My roommate is married.
It was a beautiful Christmas wedding that split a wine-red artery. Cost-efficient, backed by love. I hit it off with one of the groomsmen, as a matter of fact.
On the morning after the wedding, my flight was scheduled to leave at 7:45AM, Oregon time. Since the wedding was in a picturesque little town about an hour away, we left around 5:00AM and arrived at the airport on time.
I immediately discovered that my flight had been postponed to 9:03AM. Would I still make my connecting flight in Chicago? Barely. So I bided my time, reminding myself that now I wouldn't have to layover in Chicago and I could check out Brookstone and Powell's, a cute little bookshop that Portland is well-known for.
Around 9AM, we board the plane and get situated. I climb over two women to get to my window seat and arrange my iPod and copy of Wicked in the pocket in front of me. Somehow, my head fits perfectly between the edge of my seat and the plastic window shade.
Next thing I know, the captain announces that there is a delay because one of the navigation components was malfunctioning. It took him over an hour to announce the flight would be delayed until 11:00, and then we were taking off after all, and finally he declared it canceled once and for all.
We shuffled off the plane and were instructed to go out of security and pick up our baggage. I called my dad to ask him to find another flight to Oklahoma. At least he could find a more direct route since Portland-Chicago-Tulsa was not the most practical - albeit cost effective- route.
It took about thirty minutes for our luggage to get there. I felt bad for the people who tried to go directly to the ticket counter. We called an 800 number to get new flights, and I would be taken to Houston on a different airline in about an hour. My only problem was an hour-long line of angry bees who just wanted to get home.
"At least you don't have children," some old woman told me. I gave her a little polite laugh that communicated do I look old enough to have CHILDREN!?
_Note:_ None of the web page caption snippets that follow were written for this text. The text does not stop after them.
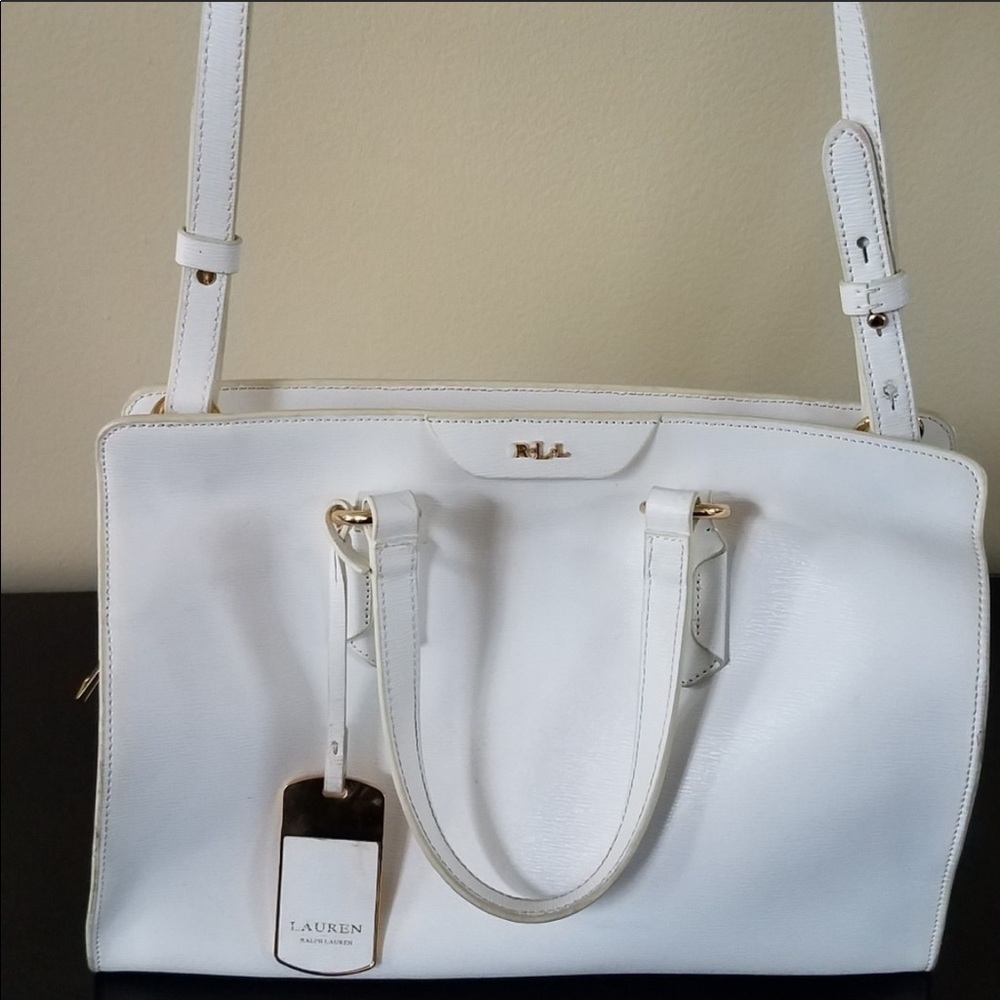 COPY - Ralph Lauren Womens Purse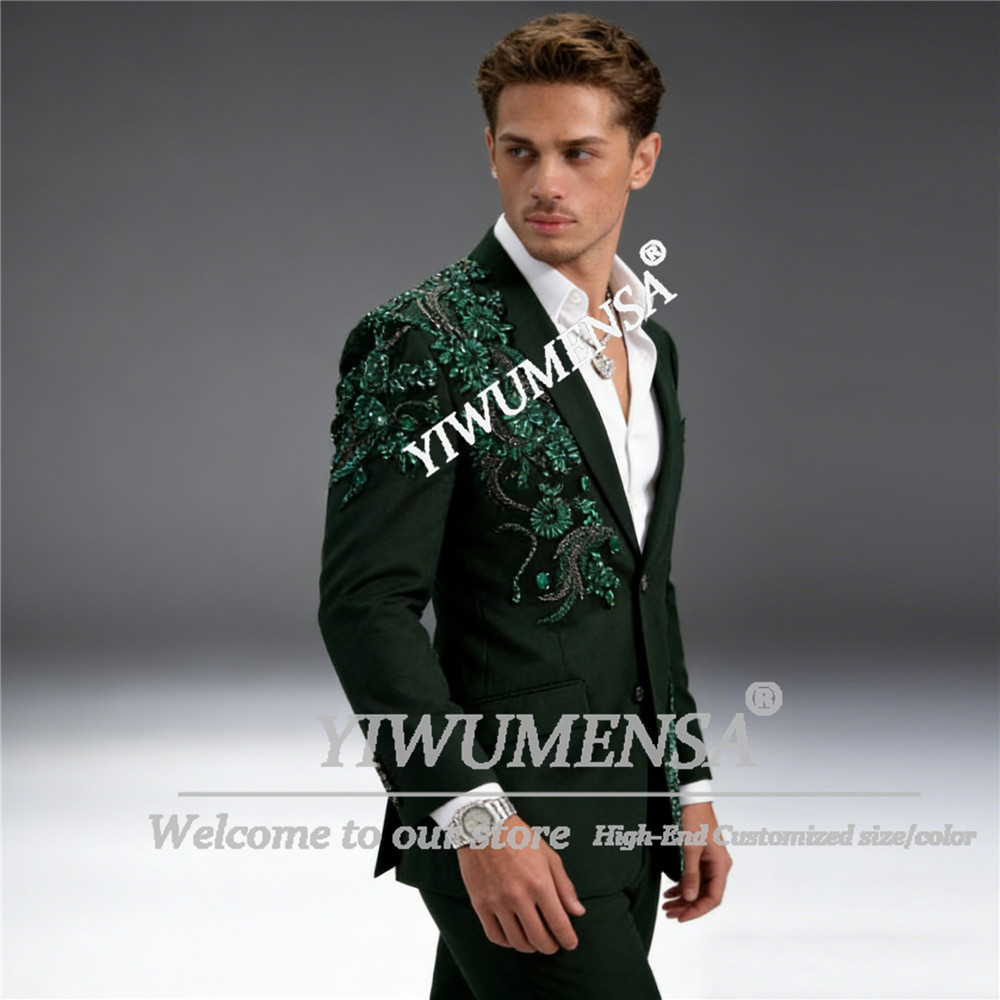 Abiti da uomo dal design unico - Unique Men'S Formal Wear recensione e prezzo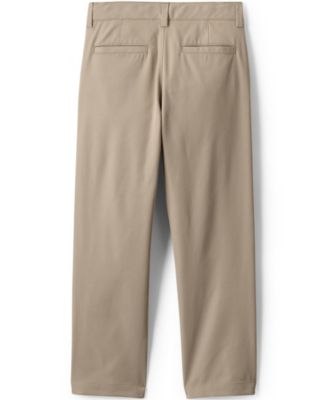 Big Boys Iron Knee Active Performance Chino Pants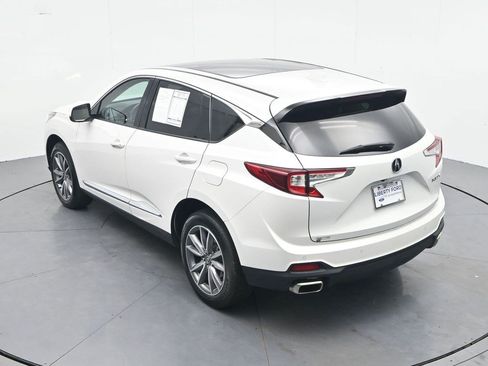 Used 2023 Acura RDX FWD w/ Technology Package image 25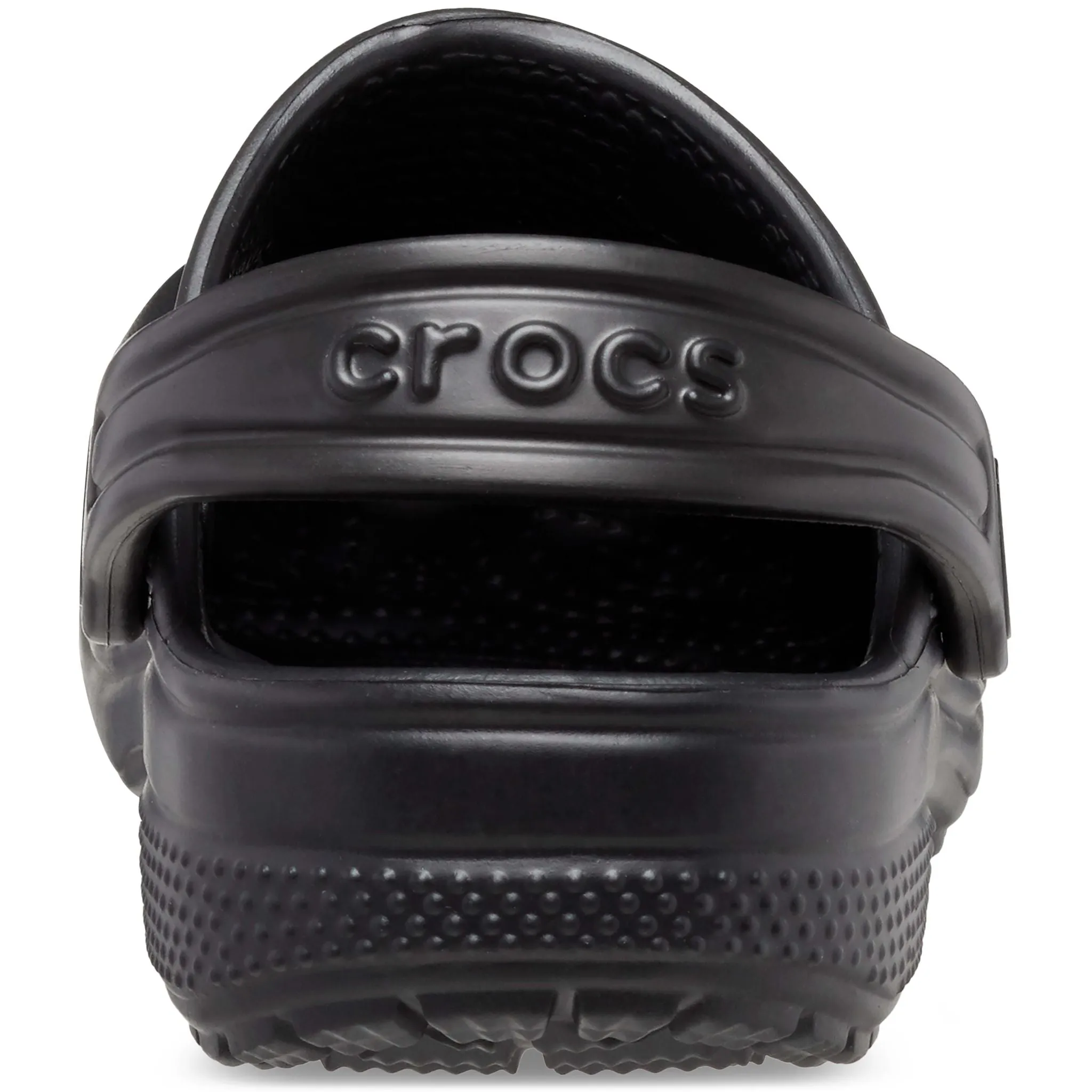 Crocs Toddler Classic Clog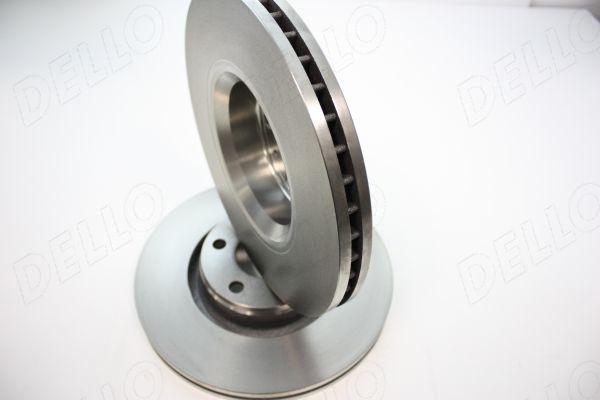 Automega 120016310 - Brake Disc autospares.lv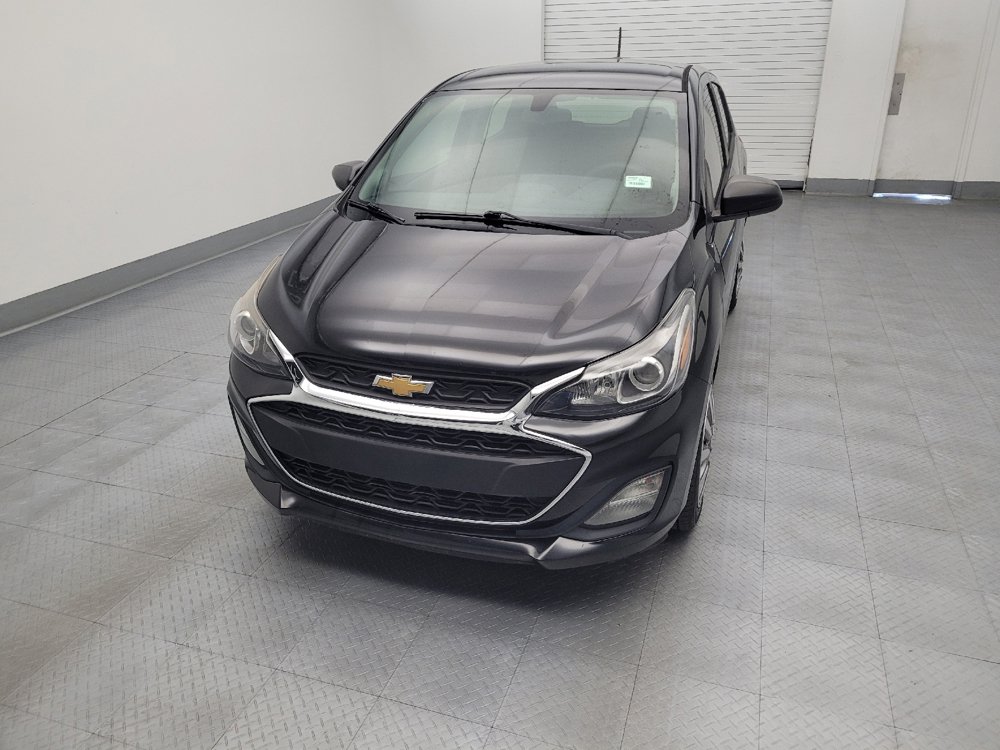 Used 2021 Chevrolet Spark LS FWD image 15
Almost thirty minutes later, I could see the end of the line, but my flight left in twenty minutes, and if the line length was proportional to the amount of time I had spent already, I was not going to make it. Panic.
"Go up there and tell them!" the same old lady insisted. Three people in front of me turned around and gave me a nasty look, as if some keen sense had been alerted that I was going to be given some special treatment they were not entitled to.
I squeezed through the line, dragging my two suitcases behind me.
The attendant allowed me to jump the line, but I would have to wait behind the current customers. Finally, it was my turn.
"This is not one of our itinerary numbers. Ours don't have 1's in them."
"It's a Continental number. I was told I had to come here to get my new ticket."
"Um...right."
Smart-aleck.
She wrote something here and stapled something there and told me to hurry to the Continental counter to check in. I took her advice and ran, pausing only to apologize to the people whose toes were crushed by my rolling suitcases.
The Continental guy looked at me, flustered, and said, "I don't know if you'll make it. You're late."
"Excuse me, sir," I said, trying to laugh it off. "I have been here for SIX HOURS. I am not late."
He checked me, sent me to wait in the luggage line, and I was finally free of those suitcases to wait (again) in the super long security line. I took my shoes off, almost gagged, and then put them back on. Everything else was ready.
The lady glanced at my boarding pass and ID and then took out the pink highlighter of doom.
"My flight leaves in ten minutes," I laughed before she could utter the dreaded words.
"You've been randomly selected for a security screening."
I was deferred to a smaller line where my bags and shoes were taken from me. I reminded the old man that my flight left in ten minutes so, if it was at all possible, could those men who are just standing around check my bags while you do the pat search? He shook his head but told me I'd be fine.
He put me in this machine that looked like a souped up version of the airport metal detector. It blew puffs of air at me, and I'm not quite sure what it did, but I squeezed my eyes closed and two dwarf women pointed and laughed at me.
I barely made that flight, and the woman next to me spilled her water on both me and her daughter. I was just happy to get out of Portland, even if they were closing the gates when I ran through. Everyone around me listened to my story, even if it abused every polite instinct they had to offer.
One two-hour layover in Houston, a short flight to Tulsa, and I was home-free. Even better, the second I stepped out of the tunnel, I saw a Starbucks and a Subway right next to each other.